I am deep into Brad Stone’s, “The Everything Store: Jeff Bezos and the age of Amazon” a fast paced narrative of how Amazon, which started as a bookseller and now sells almost everything, was built.
The company which survived the dotcom meltdown of earlier this century has grown over the last 23 years to the point that last week, for about half a day, founder Bezos was the richest man in the world last week.

But just before that I also read “Alibaba: The House that Jack Ma Built” which as kind of prescient because the richest man in China visited Nairobi and Kigali only days later.  Alibaba is a giant website which brings vendors and customers together to facilitate trade in almost anything. What makes the Alibaba story so interesting is that it was founded in China on five years after Amazon and it’s not inconceivable that in less than a decade it may be the biggest internet company in the world.

There are quite a few similarities in the growth of these two companies and just as any dissimilarities.

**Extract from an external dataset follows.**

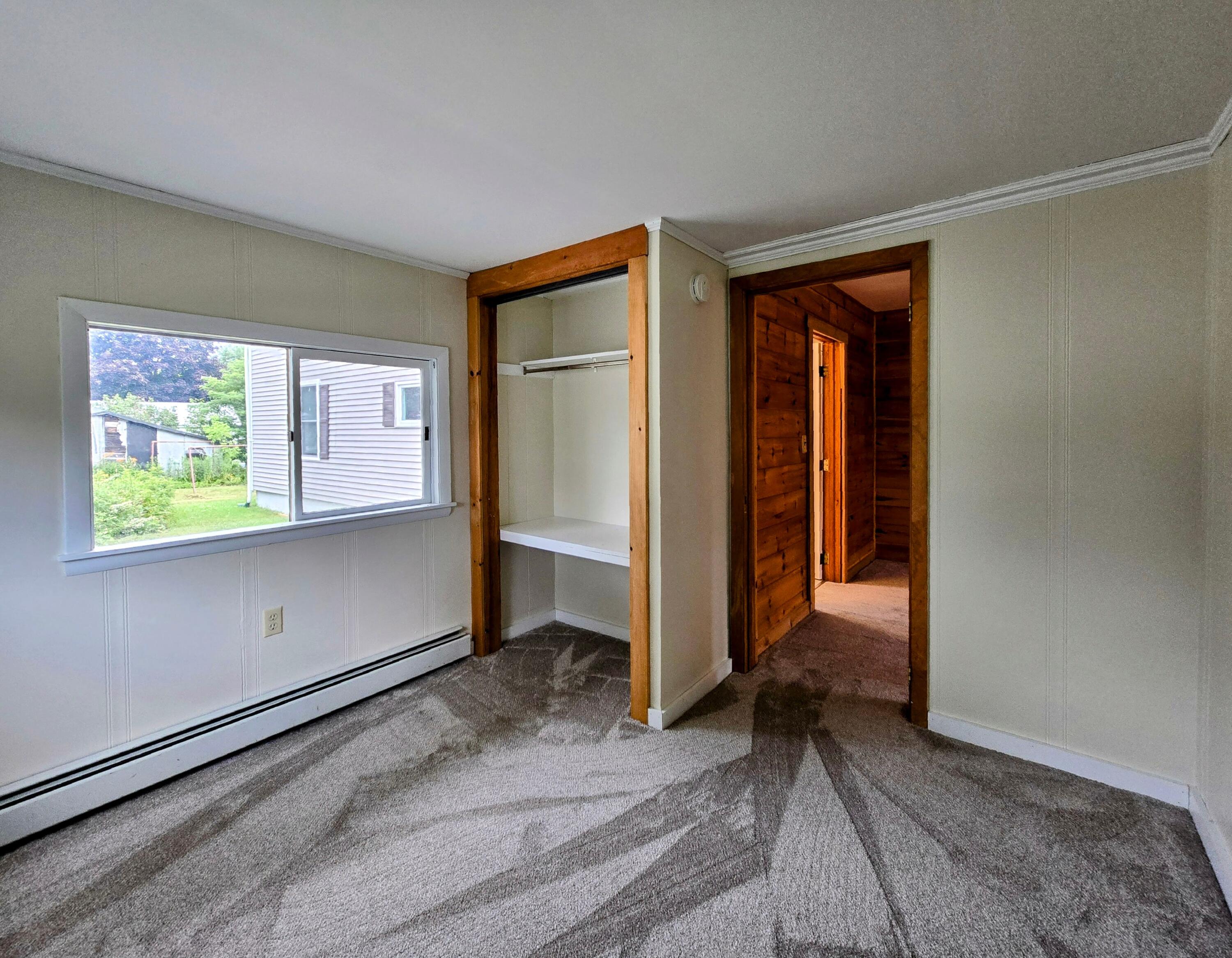 24 Locust Street Madison ME 04950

"But the common denominator between the two is the way they have been managed to gain market share, with profitability coming years later. The loss making was not caused by the wastefulness of the founders...

Related and also of interest is how both founders extended the personal frugality in their lives to the company, which allowed them to focus resources on building the company rather than themselves with the eventual outcome that they became exceedingly wealthy from their shareholding in their respective companies.

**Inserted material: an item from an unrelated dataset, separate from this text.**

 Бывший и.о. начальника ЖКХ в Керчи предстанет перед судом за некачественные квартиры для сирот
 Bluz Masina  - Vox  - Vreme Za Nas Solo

For Amazon more than for Alibaba, their very existence was threatened when the markets in the west went sour on the dotcom companies, for which Amazon, was a poster boy. Were it not for the company’s focus on customer satisfaction it might have gone the way of the thousands of dotcom companies that burnt through billions of dollars, flaming out before they showed a profit for their investors.

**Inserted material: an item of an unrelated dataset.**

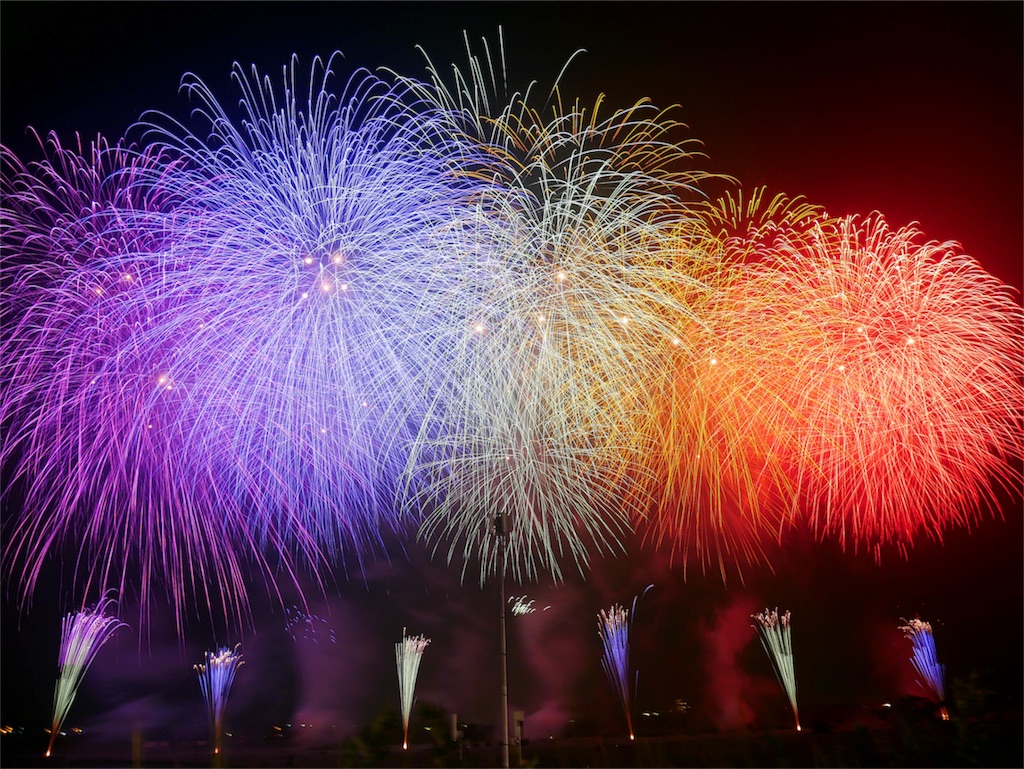 f:id:fxxk_authority:20180829152838j:image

In Uganda we don’t need a dotcom boom and burst cycle to know about business failure. Only one in 10 companies make it to their fifth birthday. Beyond the issue of the questionable products or getting into crowded markets, the failure of the Uganda company can be seen in the financial statements.

The key difference between Amazon and Alibaba and our local floundering businessman is that while the former shift revenues increasingly towards building their assets bases – hardware and distribution networks, with the expectation that these will not only lead to the capturing of more and more market share and an eventual rise in revenues, our local businessman however tends to keep these much needed funds, needed for expansion, for himself. They pay themselves first, rather than the business they should be trying to build.

"So for instance our local shop keeper who while he makes a profit, given the margin on every good he sales, fritters off this profit by dipping his hands into the till every so often to finance his personal needs. Unfortunately these needs grow with his growing sales and rarely fall back if sales begin to falter...

Given a similar scenario Bezos or Ma, would restrict their raiding of the shop till, while pushing more funds into growing his stock, the size of his shop or the area that he dominates. In very real terms this means that he will put off to a later date the move to a more expensive neighbourhood or the VX he has been dreaming of or the visit to Old Trafford to see Manchester United play.

But we don’t have to look to the US or China for lessons how to improve the durability of our companies.

The Asian community were dispossessed of everything nearly half a century ago. They returned in the 1980s and 1990s, rebuilt their businesses and now account for almost seven in every ten shillings of revenue paid to the taxman today.

Interestingly many of our more successful businessmen have apprenticed at the feet of one Asian businessman or another.

It should be clear by now that a basic understanding of how financial statements work is imperative for any businessman.

How do I pay salaries? How do I replenish stock? What happens when I withdraw money? What happens when I bring money into the business (as many of our corporate types do)?  How do I pay taxes? How can I minimise my tax liability (without evading it all together)? Should I take a salary? How should my books look like to make them attractive to bankers, investors?

It is not rocket science. But it is the one thing that is dooming our businesses to short life spans.

"Even the businessmen with the best of intentions, who are not extravagant or even allocate assets properly, run into trouble because they are not thinking from a financial statements perspective. If they are doing badly, they can do well. And if they are doing well, they can do better....

And the beauty of it is that unlike a two decades or so ago there are a lot of young accountants around who can help make sense of any business’ numbers.

It bears repeating. While profit is good building a business’ book value is better. That is where company durability comes from.